TDM 10100: Project 6 — Fall 2022
Dataset(s)
The following questions will use the following dataset(s):
-
/anvil/projects/tdm/data/olympics/athlete_events.csv
-
/anvil/projects/tdm/data/death_records/DeathRecords.csv
Questions
ONE
Read the dataset /anvil/projects/tdm/data/olympics/athlete_events.csv
, into a data.frame called eventsDF
. (We do not need the tapply
function for Question 1.)
-
What are the years included in this data.frame?
-
What are the different countries participating in the Olympics?
-
How many times is each country represented?
-
Code used to solve this problem.
-
Output from running the code.
-
Answers to the code above.
TWO
-
What is the average height of participants from each country?
-
What are the oldest ages of the athletes from each country?
-
What is the sum of the weights of all participants from each country?
-
Code used to solve this problem.
-
Output from running the code.
-
Answers to the code above
THREE
Read the dataset /anvil/projects/tdm/data/death_records/DeathRecords.csv
into a data.frame called deathrecordsDF
. (We do not need the tapply
function for Question 3.)
-
What are the column names in this dataframe?
-
Change the column "DayOfWeekOfDeath" from numbers to weekdays
-
How many people died in total on each day of the week?
-
Code used to solve this problem.
-
Output from running the code.
-
Answers to the questions above
FOUR
-
What is the average age of Females versus Males at death?
-
What is the number of Females who are married? Divorced? Widowed? Single?
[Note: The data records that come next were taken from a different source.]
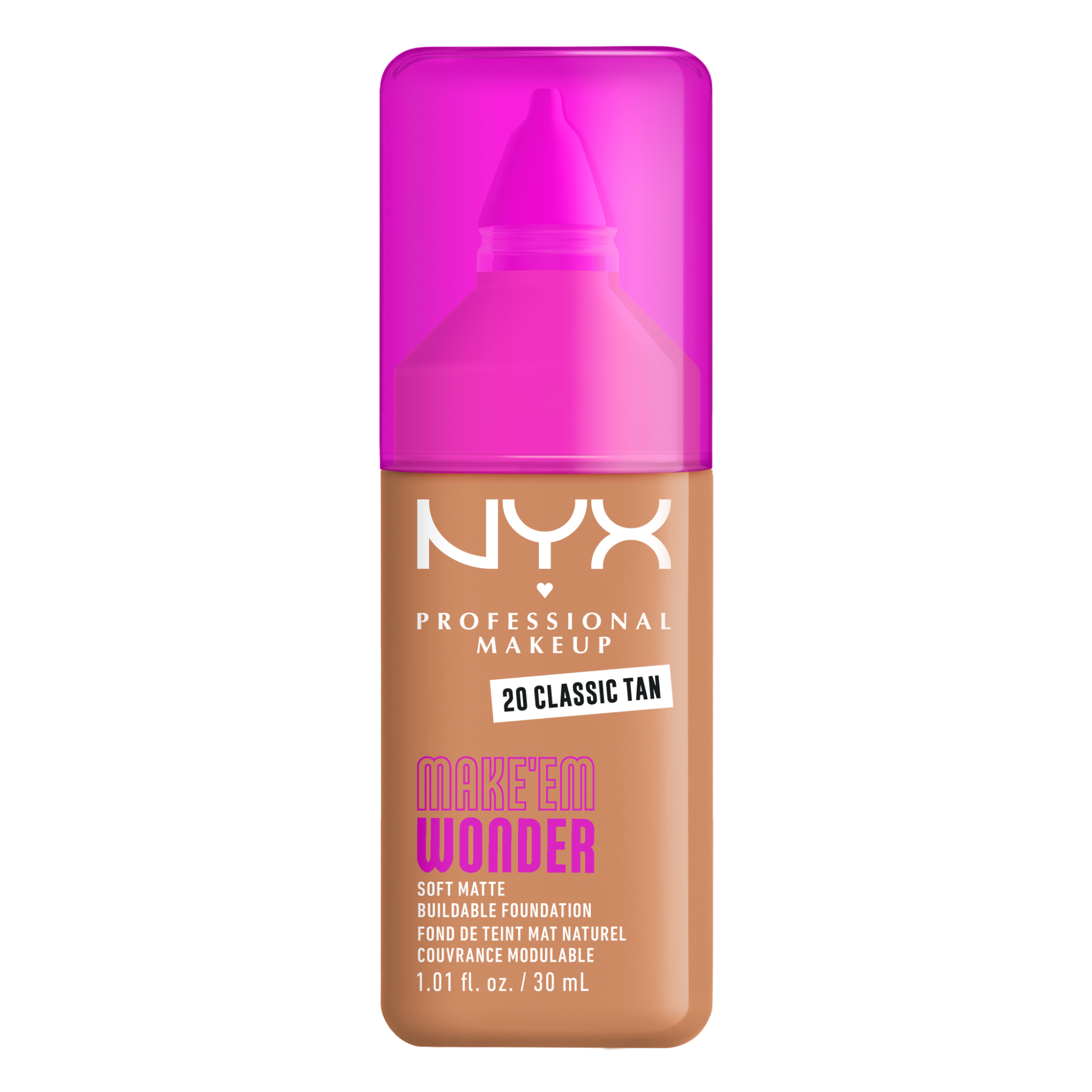 NYX Professional Makeup Fond de ten Make`EM Wonder Buildable Foundation 30 ml 20 Classic Tan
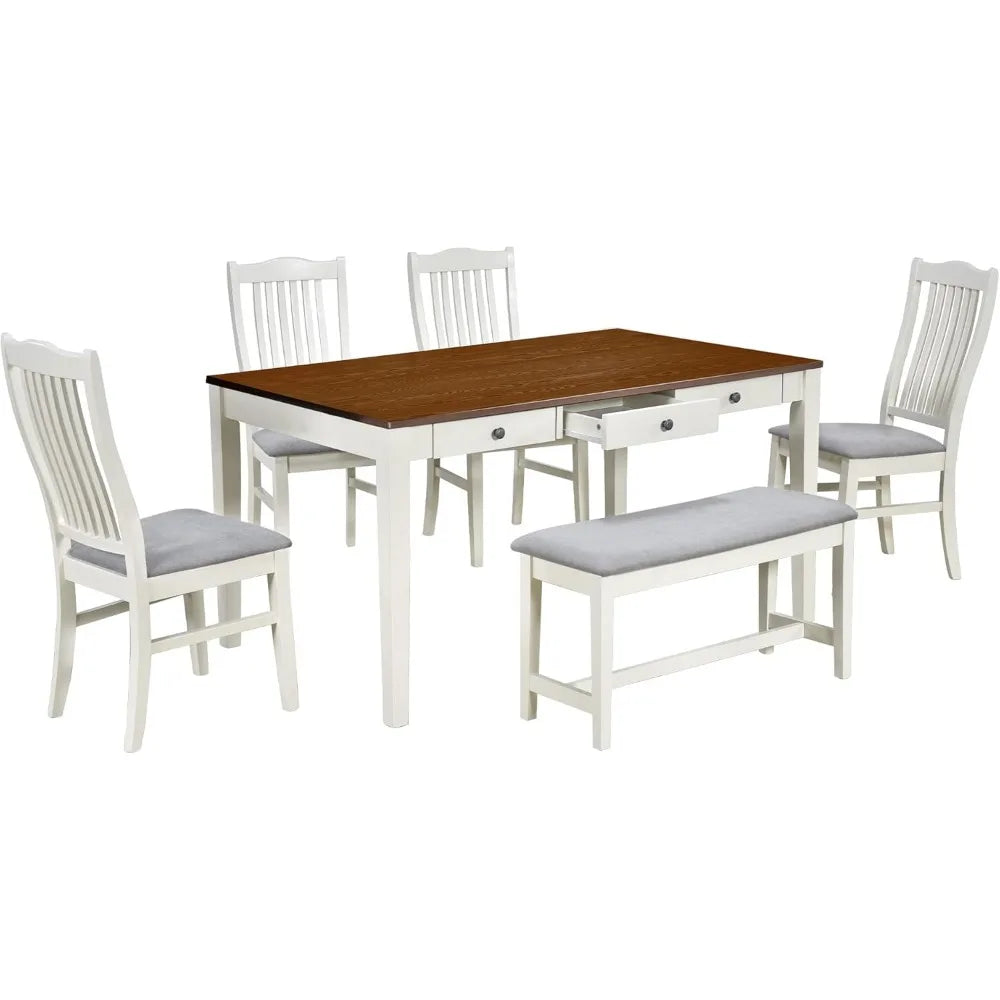 MKDK Solid Wood Dining Table Set With Upholstered Chairs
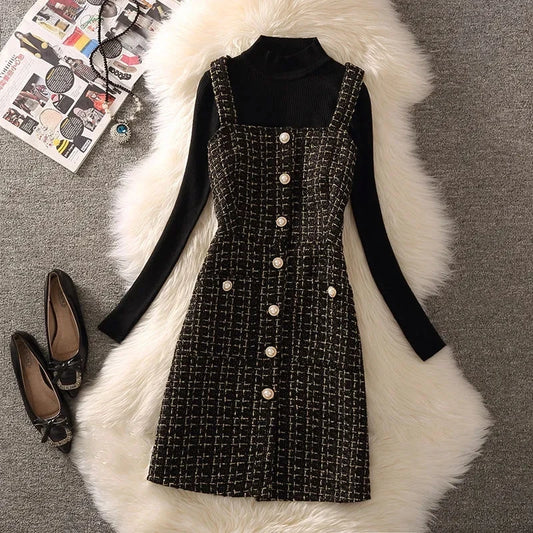 Tweed Vest Suspender Woolen Dress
Now find the analogous numbers for Males.
-
Now solve both questions from 4b at one time, i.e., use one command to find the number of Females who are married, divorced, widowed, or single, and the number of Males in each of these four categories. You can compute all eight numbers with just one
tapply
command.
-
Code used to solve this problem.
-
Output from running the code.
-
Answers to the question above
FIVE
-
Using the two data sets create two separate graphs or plots on the data that you find interesting (one graph or plot for each of the two data sets in this project). Write 1-2 sentences on each one and why you found it interesting/what you noticed in the dataset.
-
Code used to solve this problem.
-
Output from running the code.
Please make sure to double check that your submission is complete, and contains all of your code and output before submitting. If you are on a spotty internet connection, it is recommended to download your submission after submitting it to make sure what you think you submitted, was what you actually submitted. In addition, please review our submission guidelines before submitting your project. |